Short text fragments from websites
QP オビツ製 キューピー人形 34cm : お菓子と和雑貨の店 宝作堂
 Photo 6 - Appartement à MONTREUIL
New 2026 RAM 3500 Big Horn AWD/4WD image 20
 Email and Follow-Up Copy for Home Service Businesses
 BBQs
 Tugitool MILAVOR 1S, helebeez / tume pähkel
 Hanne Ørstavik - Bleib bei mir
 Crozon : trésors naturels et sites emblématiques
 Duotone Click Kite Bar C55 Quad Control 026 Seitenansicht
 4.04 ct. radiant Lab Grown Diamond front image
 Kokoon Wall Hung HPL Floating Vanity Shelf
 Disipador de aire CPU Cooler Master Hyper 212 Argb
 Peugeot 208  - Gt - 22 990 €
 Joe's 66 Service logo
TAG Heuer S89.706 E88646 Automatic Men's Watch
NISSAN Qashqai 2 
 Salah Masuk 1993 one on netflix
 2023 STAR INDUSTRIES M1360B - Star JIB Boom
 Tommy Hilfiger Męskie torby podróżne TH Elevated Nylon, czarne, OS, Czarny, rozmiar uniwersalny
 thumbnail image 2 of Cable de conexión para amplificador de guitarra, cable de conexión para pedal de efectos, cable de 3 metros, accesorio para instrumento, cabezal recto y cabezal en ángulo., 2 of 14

» **ACTIVITY**
Repeat only the lines above, from the first line of the entries through the line that contains "Kokoon Wall Hung HPL Floating Vanity Shelf", including both ends.

» **THE ANSWER**
QP オビツ製 キューピー人形 34cm : お菓子と和雑貨の店 宝作堂
 Photo 6 - Appartement à MONTREUIL
New 2026 RAM 3500 Big Horn AWD/4WD image 20
 Email and Follow-Up Copy for Home Service Businesses
 BBQs
 Tugitool MILAVOR 1S, helebeez / tume pähkel
 Hanne Ørstavik - Bleib bei mir
 Crozon : trésors naturels et sites emblématiques
 Duotone Click Kite Bar C55 Quad Control 026 Seitenansicht
 4.04 ct. radiant Lab Grown Diamond front image
 Kokoon Wall Hung HPL Floating Vanity Shelf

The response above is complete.